[Opening TASK INPUTS section]

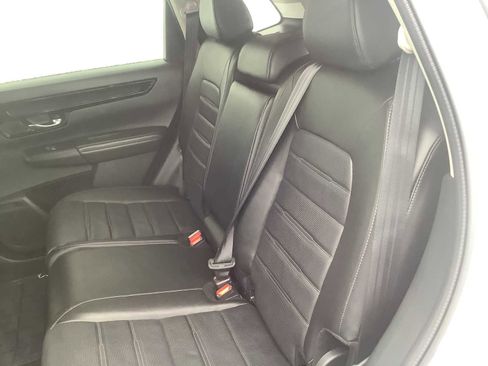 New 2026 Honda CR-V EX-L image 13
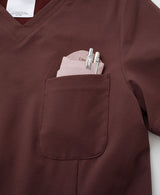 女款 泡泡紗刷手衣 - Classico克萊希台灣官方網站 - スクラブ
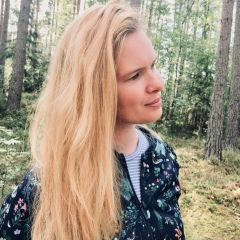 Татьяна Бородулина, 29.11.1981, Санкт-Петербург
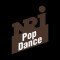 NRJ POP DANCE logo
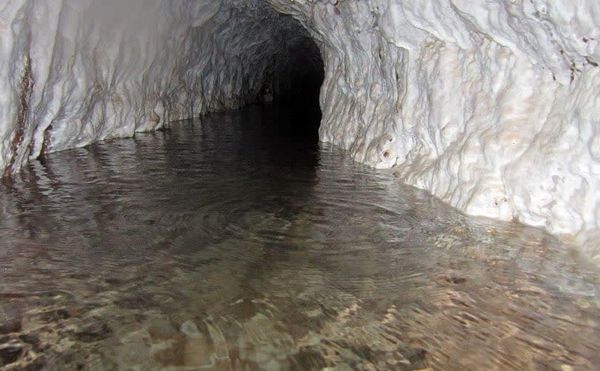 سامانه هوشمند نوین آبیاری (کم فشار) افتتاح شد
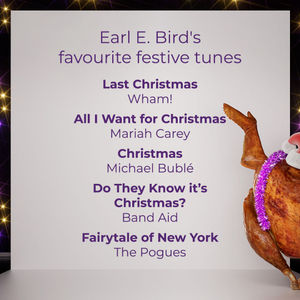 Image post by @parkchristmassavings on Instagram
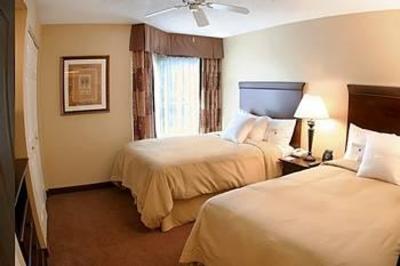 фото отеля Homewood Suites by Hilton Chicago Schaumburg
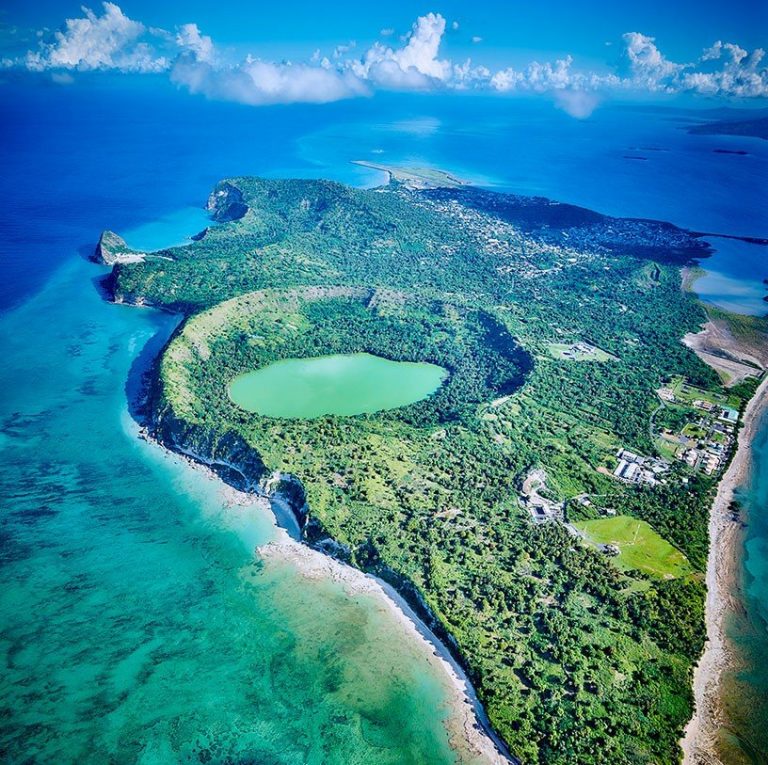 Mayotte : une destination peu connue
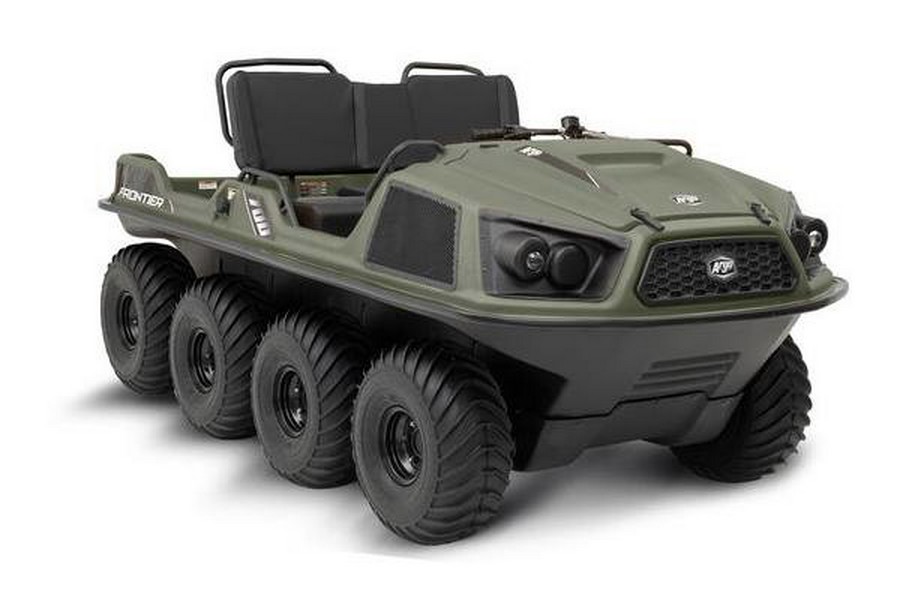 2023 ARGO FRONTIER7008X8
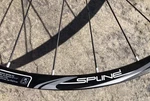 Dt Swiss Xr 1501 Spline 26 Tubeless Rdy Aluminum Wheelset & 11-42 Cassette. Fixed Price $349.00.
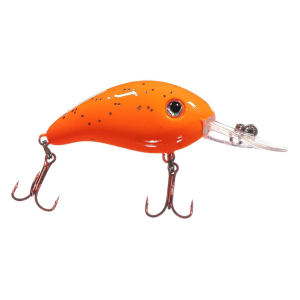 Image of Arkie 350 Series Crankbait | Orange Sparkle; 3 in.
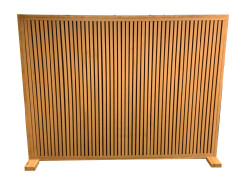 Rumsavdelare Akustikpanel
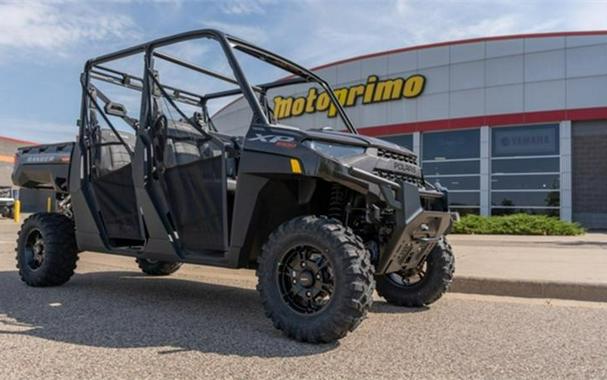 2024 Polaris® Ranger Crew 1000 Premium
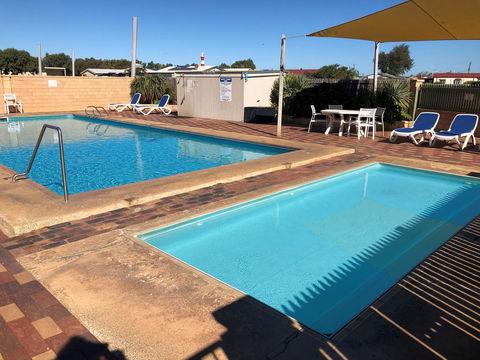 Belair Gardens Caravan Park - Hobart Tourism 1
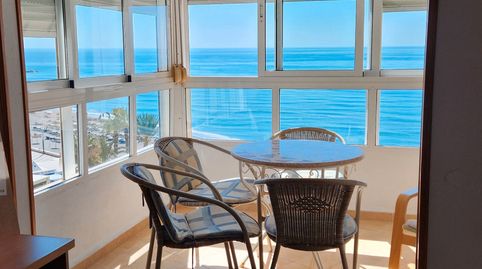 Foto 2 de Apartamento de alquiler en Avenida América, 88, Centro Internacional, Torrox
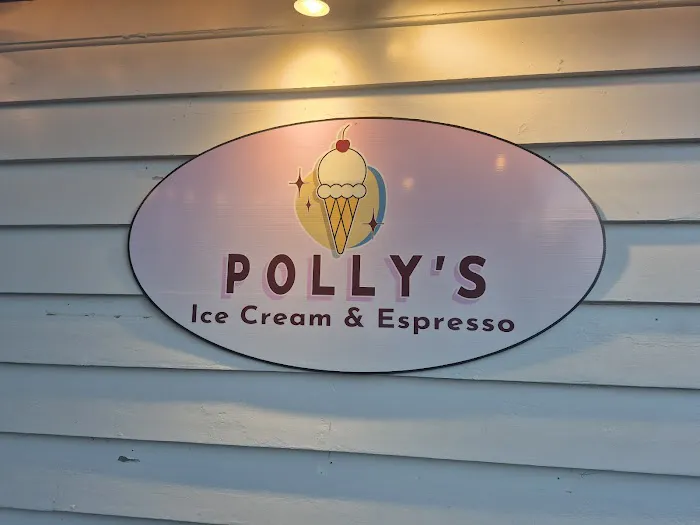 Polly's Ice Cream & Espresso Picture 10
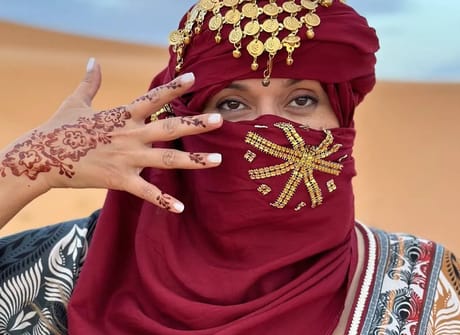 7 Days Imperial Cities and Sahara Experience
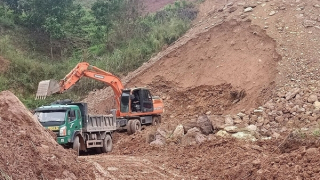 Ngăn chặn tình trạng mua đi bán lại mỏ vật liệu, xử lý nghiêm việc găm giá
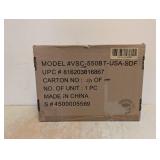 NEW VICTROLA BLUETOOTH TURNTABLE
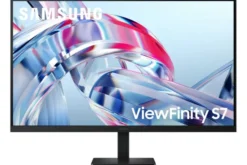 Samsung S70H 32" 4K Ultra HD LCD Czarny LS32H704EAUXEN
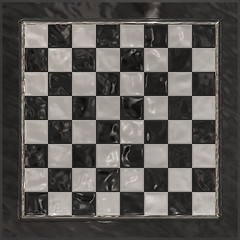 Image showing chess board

[Closing TASK INPUTS section]

## [TASK OBJECTIVE]
Nothing outside the stretch above, from the line with "Mayotte : une destination peu connue" through the line with "NEW VICTROLA BLUETOOTH TURNTABLE", is set down. Transcribe that stretch exactly, ends included, but not its pictures.

## [EXPECTED ANSWER]
 Mayotte : une destination peu connue
 2023 ARGO FRONTIER7008X8
 Dt Swiss Xr 1501 Spline 26 Tubeless Rdy Aluminum Wheelset & 11-42 Cassette. Fixed Price $349.00.
 Image of Arkie 350 Series Crankbait | Orange Sparkle; 3 in.
 Rumsavdelare Akustikpanel
 2024 Polaris® Ranger Crew 1000 Premium
 Belair Gardens Caravan Park - Hobart Tourism 1
 Foto 2 de Apartamento de alquiler en Avenida América, 88, Centro Internacional, Torrox
 Polly's Ice Cream & Espresso Picture 10
 7 Days Imperial Cities and Sahara Experience
 Ngăn chặn tình trạng mua đi bán lại mỏ vật liệu, xử lý nghiêm việc găm giá
 NEW VICTROLA BLUETOOTH TURNTABLE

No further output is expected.